# Negril.com Message Board Forums > Living in Jamaica >  We have a kitchen, electric,water, a bathroom, shower and a yard dog........

## captaind

*and internet too....

Next trip is May 2 for 6 nites..........Sleep at Seastar spend all day out on Zion Hill

Next trip sometime in August.......Sleep on Zion Hill for the first time since April 2, 1986....

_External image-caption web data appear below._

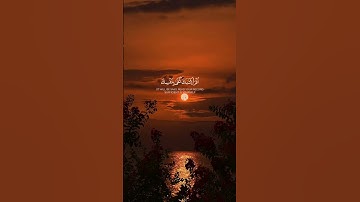 القارئ | مالك الزامل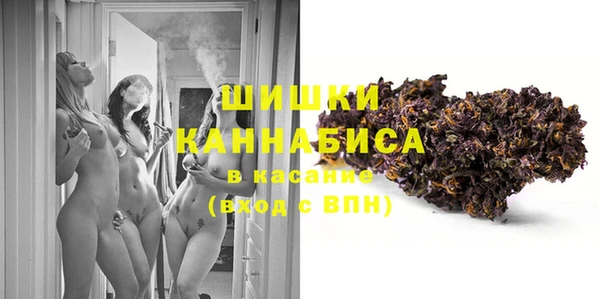 хмурый Верея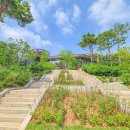 아라파크 이미지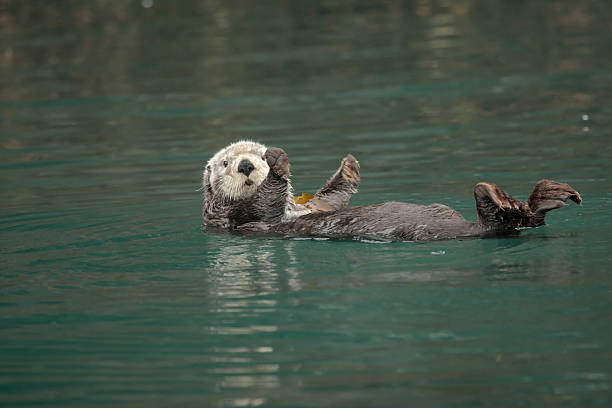 Who You Lookin' At Sea Otter floating around in Kachemak Bay, Homer, Alaska. otter photos stock pictures, royalty-free photos & images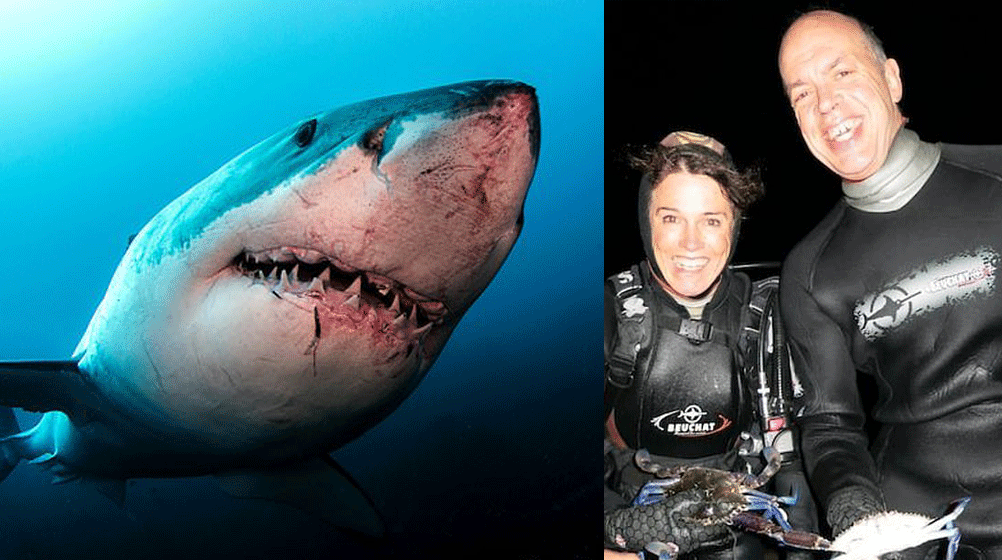 Scuba Diver Killed By Great White Off WA Coast Adventure Mag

Thanks to Linston....couldn't be done without him....I'm blessed

Cap*

----------


## Coco

Like!

----------


## yetta

Sweet!!! And a resort dog.....you are completing the package!!!  Looks awesome Captain!!  Congrats to you and all involved.
Next time I see you, I have no doubt Zion Hill will be home sweet home...with all the fixings!!  :Smile:

----------


## ESparks451

That wood grain is niiiiice.  


We will be at Tensing Pen that week in May.  Maybe will will catch ya at the Seastar bar or something something.

----------


## goldilocks

I'm so excited for you guys!  yes, that cedar (?) is lovely....cute puppy too - looks like a JamRotty (jamaican yard dog/rottweiler mix)!

----------


## captaind

> I'm so excited for you guys!  yes, that cedar (?) is lovely....cute puppy too - looks like a JamRotty (jamaican yard dog/rottweiler mix)!


The wood is guango.

----------


## goldilocks

Guango, thanks, it's very nice!

----------


## Archer

I'm going to make it up there with Linston this trip. I tried last time but, Tattoo Charlie makes us have too much fun and its hard to get out of bed some days. We need new pics. If you need anything brought down let me know.

----------